TASK INSTRUCTIONS:
Each entry below should be given again exactly; the pictures stay out.

Stored data entries:

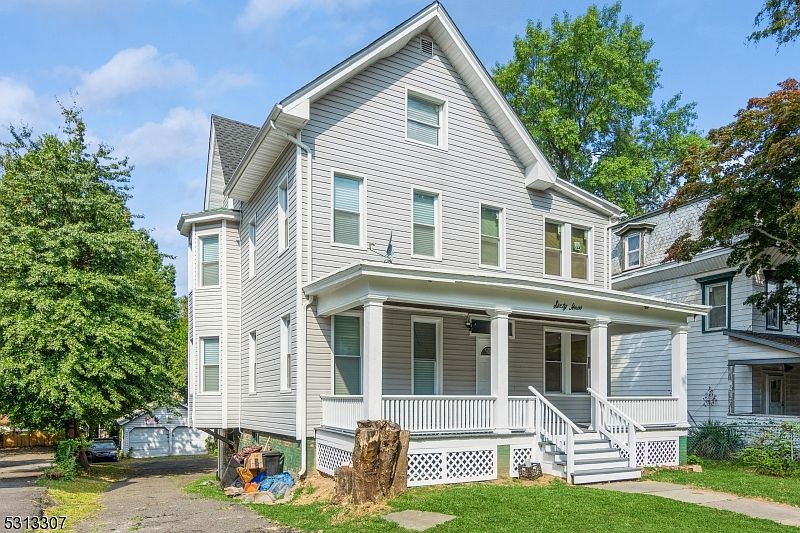 1st image of 63 N Maple Ave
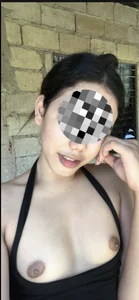 -aRiAnna🙈图片 4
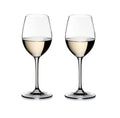 Sauvignon Blanc Glasses Set of 2 L35696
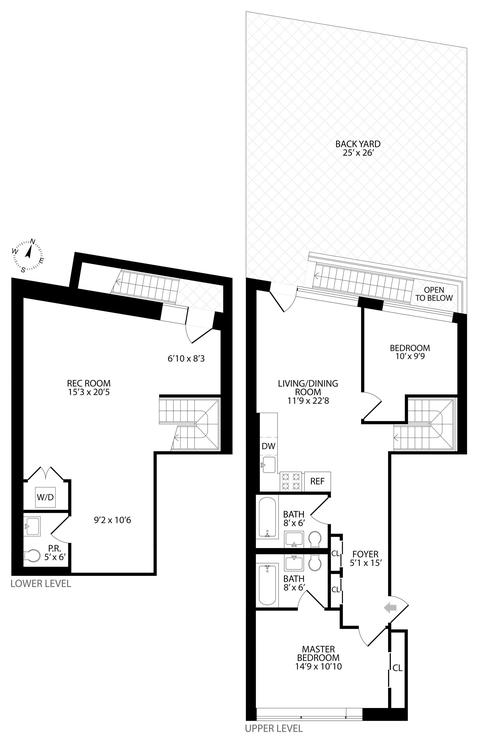 11621 Cedarview Dr, Montgomery, OH 45249 photo 2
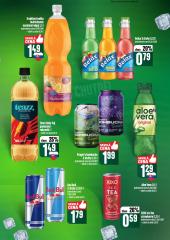 49. strana letáka COOP Jednota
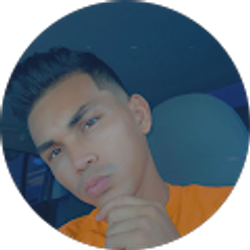 Profile photo of Nelsonmejia013 Mejia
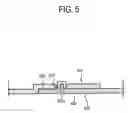 Fig. 06 - DISPLAY DEVICE AND CASE FOR THE SAME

ANSWER FOR THE TASK:
 1st image of 63 N Maple Ave
 -aRiAnna🙈图片 4
 Sauvignon Blanc Glasses Set of 2 L35696
 11621 Cedarview Dr, Montgomery, OH 45249 photo 2
 49. strana letáka COOP Jednota
 Profile photo of Nelsonmejia013 Mejia
 Fig. 06 - DISPLAY DEVICE AND CASE FOR THE SAME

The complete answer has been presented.